▸ WHAT TO WORK ON
Lines from the line with "Trademark Logo PIPLI" to the line with "Take Your Pick 😉 Well Worn Bras (40F/G)" in the entries below, and only those, must be output exactly, with both ends included.

▸ PROVIDED INFORMATION

^^^^^^^^^^^^^^^^

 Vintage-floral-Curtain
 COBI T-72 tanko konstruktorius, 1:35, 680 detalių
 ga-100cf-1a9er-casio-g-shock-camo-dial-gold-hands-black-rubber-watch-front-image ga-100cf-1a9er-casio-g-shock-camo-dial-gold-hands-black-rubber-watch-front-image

^^^^^^^^^^^^^^^^

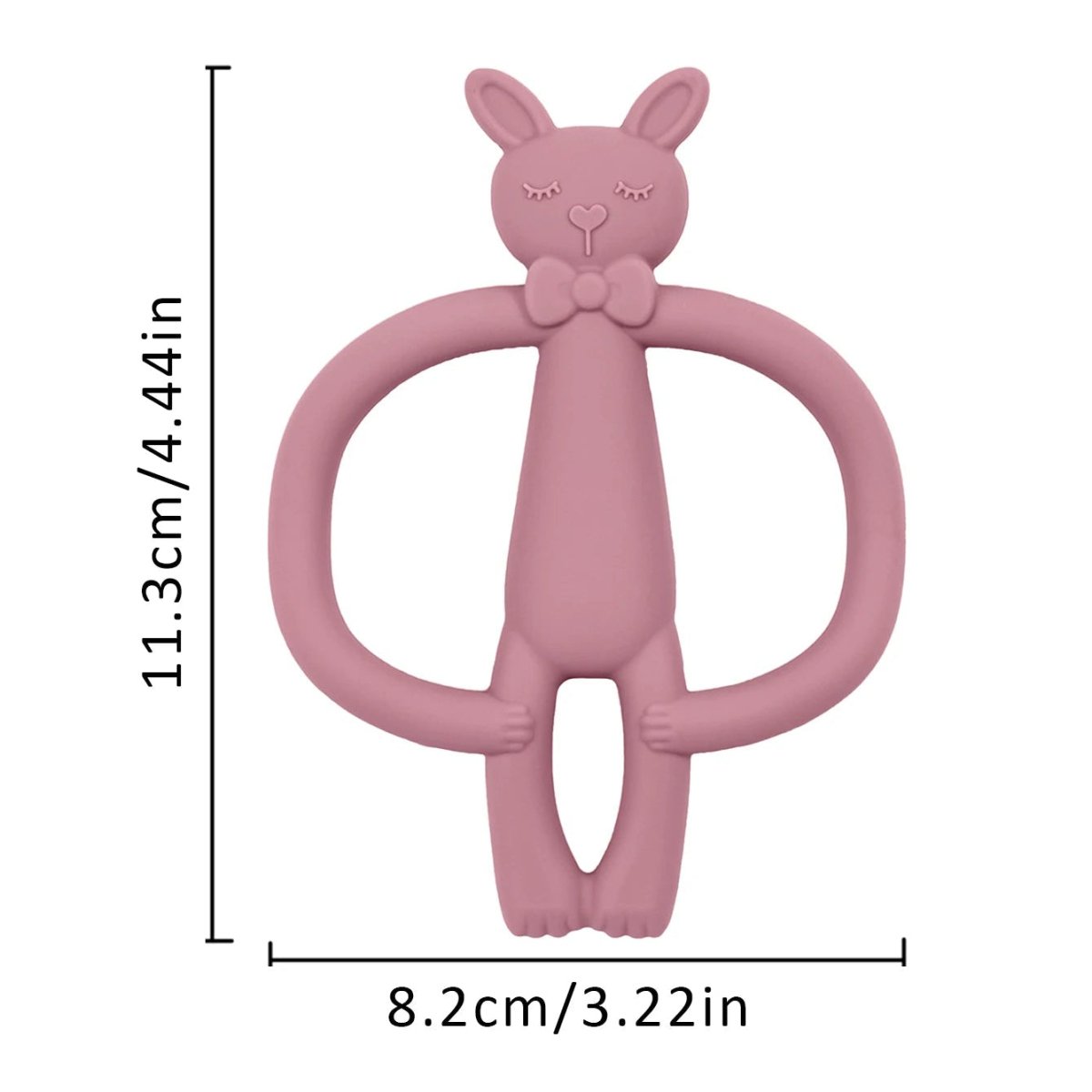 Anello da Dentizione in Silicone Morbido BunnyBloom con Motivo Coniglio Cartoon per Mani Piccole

^^^^^^^^^^^^^^^^

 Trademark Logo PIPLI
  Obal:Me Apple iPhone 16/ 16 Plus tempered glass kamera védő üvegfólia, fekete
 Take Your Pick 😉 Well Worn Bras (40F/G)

^^^^^^^^^^^^^^^^

▸ WRITTEN REPLY
 Trademark Logo PIPLI
  Obal:Me Apple iPhone 16/ 16 Plus tempered glass kamera védő üvegfólia, fekete
 Take Your Pick 😉 Well Worn Bras (40F/G)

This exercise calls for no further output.